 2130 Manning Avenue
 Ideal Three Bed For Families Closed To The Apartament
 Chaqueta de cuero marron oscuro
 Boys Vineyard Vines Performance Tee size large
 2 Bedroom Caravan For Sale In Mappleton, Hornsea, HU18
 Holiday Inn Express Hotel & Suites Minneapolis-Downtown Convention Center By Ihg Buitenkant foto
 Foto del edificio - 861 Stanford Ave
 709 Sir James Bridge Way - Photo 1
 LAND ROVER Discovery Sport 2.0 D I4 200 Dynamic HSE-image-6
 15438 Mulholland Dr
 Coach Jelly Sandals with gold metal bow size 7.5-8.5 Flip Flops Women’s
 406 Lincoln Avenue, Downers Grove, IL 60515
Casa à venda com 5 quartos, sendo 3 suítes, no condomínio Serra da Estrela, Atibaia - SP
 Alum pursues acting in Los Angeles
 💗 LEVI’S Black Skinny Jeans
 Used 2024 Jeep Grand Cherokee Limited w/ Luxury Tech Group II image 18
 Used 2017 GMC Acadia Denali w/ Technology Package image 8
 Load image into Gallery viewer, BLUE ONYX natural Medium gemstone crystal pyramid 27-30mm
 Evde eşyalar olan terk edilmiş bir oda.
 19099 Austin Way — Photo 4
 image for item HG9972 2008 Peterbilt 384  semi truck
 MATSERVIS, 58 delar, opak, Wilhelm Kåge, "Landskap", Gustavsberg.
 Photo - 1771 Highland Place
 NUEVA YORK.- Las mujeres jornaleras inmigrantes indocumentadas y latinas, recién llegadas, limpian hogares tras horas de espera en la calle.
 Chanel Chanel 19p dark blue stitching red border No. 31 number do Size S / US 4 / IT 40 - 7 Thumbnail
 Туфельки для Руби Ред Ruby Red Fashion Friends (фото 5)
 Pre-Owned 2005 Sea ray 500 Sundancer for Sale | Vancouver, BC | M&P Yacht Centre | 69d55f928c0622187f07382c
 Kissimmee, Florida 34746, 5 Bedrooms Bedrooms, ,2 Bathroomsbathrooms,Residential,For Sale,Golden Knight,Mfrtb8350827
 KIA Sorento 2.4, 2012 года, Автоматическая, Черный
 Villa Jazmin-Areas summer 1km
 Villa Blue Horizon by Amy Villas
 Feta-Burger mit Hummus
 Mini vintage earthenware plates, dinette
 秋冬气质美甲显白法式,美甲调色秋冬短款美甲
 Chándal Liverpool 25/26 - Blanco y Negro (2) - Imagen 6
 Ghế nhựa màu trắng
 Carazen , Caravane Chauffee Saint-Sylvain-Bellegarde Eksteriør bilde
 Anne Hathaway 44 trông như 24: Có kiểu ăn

• THE PROBLEM
Return the full material unchanged.

• RESPONSE
 2130 Manning Avenue
 Ideal Three Bed For Families Closed To The Apartament
 Chaqueta de cuero marron oscuro
 Boys Vineyard Vines Performance Tee size large
 2 Bedroom Caravan For Sale In Mappleton, Hornsea, HU18
 Holiday Inn Express Hotel & Suites Minneapolis-Downtown Convention Center By Ihg Buitenkant foto
 Foto del edificio - 861 Stanford Ave
 709 Sir James Bridge Way - Photo 1
 LAND ROVER Discovery Sport 2.0 D I4 200 Dynamic HSE-image-6
 15438 Mulholland Dr
 Coach Jelly Sandals with gold metal bow size 7.5-8.5 Flip Flops Women’s
 406 Lincoln Avenue, Downers Grove, IL 60515
Casa à venda com 5 quartos, sendo 3 suítes, no condomínio Serra da Estrela, Atibaia - SP
 Alum pursues acting in Los Angeles
 💗 LEVI’S Black Skinny Jeans
 Used 2024 Jeep Grand Cherokee Limited w/ Luxury Tech Group II image 18
 Used 2017 GMC Acadia Denali w/ Technology Package image 8
 Load image into Gallery viewer, BLUE ONYX natural Medium gemstone crystal pyramid 27-30mm
 Evde eşyalar olan terk edilmiş bir oda.
 19099 Austin Way — Photo 4
 image for item HG9972 2008 Peterbilt 384  semi truck
 MATSERVIS, 58 delar, opak, Wilhelm Kåge, "Landskap", Gustavsberg.
 Photo - 1771 Highland Place
 NUEVA YORK.- Las mujeres jornaleras inmigrantes indocumentadas y latinas, recién llegadas, limpian hogares tras horas de espera en la calle.
 Chanel Chanel 19p dark blue stitching red border No. 31 number do Size S / US 4 / IT 40 - 7 Thumbnail
 Туфельки для Руби Ред Ruby Red Fashion Friends (фото 5)
 Pre-Owned 2005 Sea ray 500 Sundancer for Sale | Vancouver, BC | M&P Yacht Centre | 69d55f928c0622187f07382c
 Kissimmee, Florida 34746, 5 Bedrooms Bedrooms, ,2 Bathroomsbathrooms,Residential,For Sale,Golden Knight,Mfrtb8350827
 KIA Sorento 2.4, 2012 года, Автоматическая, Черный
 Villa Jazmin-Areas summer 1km
 Villa Blue Horizon by Amy Villas
 Feta-Burger mit Hummus
 Mini vintage earthenware plates, dinette
 秋冬气质美甲显白法式,美甲调色秋冬短款美甲
 Chándal Liverpool 25/26 - Blanco y Negro (2) - Imagen 6
 Ghế nhựa màu trắng
 Carazen , Caravane Chauffee Saint-Sylvain-Bellegarde Eksteriør bilde
 Anne Hathaway 44 trông như 24: Có kiểu ăn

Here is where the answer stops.